Yahoo must face litigation on behalf of more than a billion users whose personal information was compromised in a massive data breach, a US judge has ruled.
The internet company now known as Oath, after it was bought by Verizon for $4.5bn this year, was attacked by hackers between 2013 and 2016, exposing the data of customers of its services.
US District Judge Lucy Koh ruled late on Wednesday that a class-action lawsuit can go forward because all the plaintiffs have an “alleged risk of future identity theft” as well as a “loss of value of their personal identification information”. Some of the plaintiffs had spent money to try to protect themselves from identity theft, she added.
She rejected Yahoo’s argument that the hacking victims do not have standing to sue, saying they could pursue breach of contract and unfair competition, because they could have taken action to close their accounts if they had known about the data breaches.
Yahoo admitted earlier this year that senior executives and relevant legal staff knew in 2014 about a hack by a state-sponsored attacker. An investigation by an independent committee found that they did not “properly comprehend or investigate” the incident to the full extent of what was known by Yahoo’s cyber security team.

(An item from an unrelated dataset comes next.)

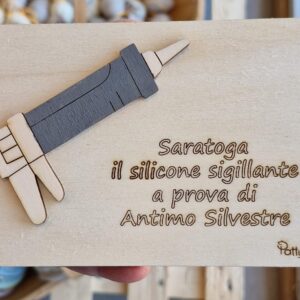 Targa con siringa silicone piu frase personalizzabile 10x15cm 4693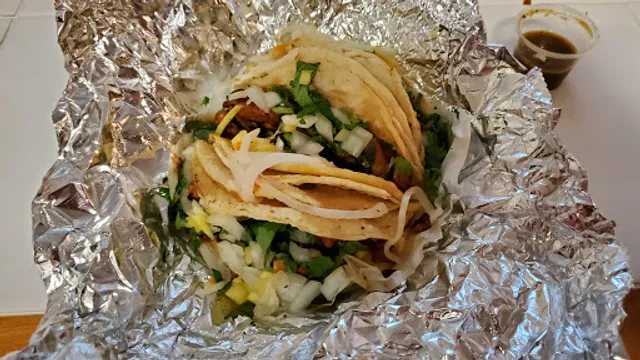 Taqueria Chilangos (Food Truck)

Two cyber attacks were announced after Verizon agreed to buy the company last summer. In September 2016, Yahoo said it had evidence of the 2014 breach, which affected up to 500m accounts. Then in December 2016, it said it had discovered a second large data breach, which affected up to a billion accounts in 2013. Other breaches occurred up until last year.
After negotiations, the US telecoms group cut its offer price by $300m because of potential liabilities from the hack. Verizon did not respond to a request for comment.
The US Department of Justice charged two officers of the Russian Federal Security Service and two hackers in March, in connection with the second breach in late 2014.
The plaintiffs representing a class of Yahoo users in the US have alleged the hack caused them financial problems.
Kimberley Heines, a California resident, claims her Yahoo email account included information related to the service through which she claims her social security benefits, which were later stolen. Hasmatullah Essar, a Colorado resident, and Paul Dugas, a California resident, both said that unauthorised people had fraudulently filed tax returns under their social security numbers. Others reported credit card fraud and people sending unauthorised and inappropriate emails to business contacts.